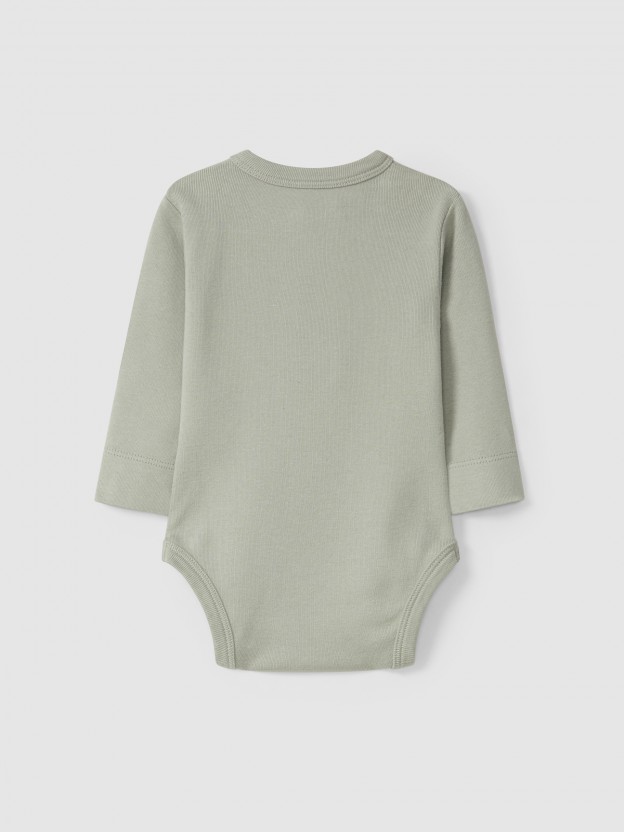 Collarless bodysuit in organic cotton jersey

--

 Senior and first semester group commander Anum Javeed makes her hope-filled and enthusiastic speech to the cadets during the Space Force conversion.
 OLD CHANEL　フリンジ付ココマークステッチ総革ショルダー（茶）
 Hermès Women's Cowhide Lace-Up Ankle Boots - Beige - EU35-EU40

* **REQUIREMENT**
Copy exactly the stretch of data above from the line with "OLD CHANEL　フリンジ付ココマークステッチ総革ショルダー（茶）" through the line with "Hermès Women's Cowhide", and omit all other lines.

* **TASK RESULT**
 OLD CHANEL　フリンジ付ココマークステッチ総革ショルダー（茶）
 Hermès Women's Cowhide Lace-Up Ankle Boots - Beige - EU35-EU40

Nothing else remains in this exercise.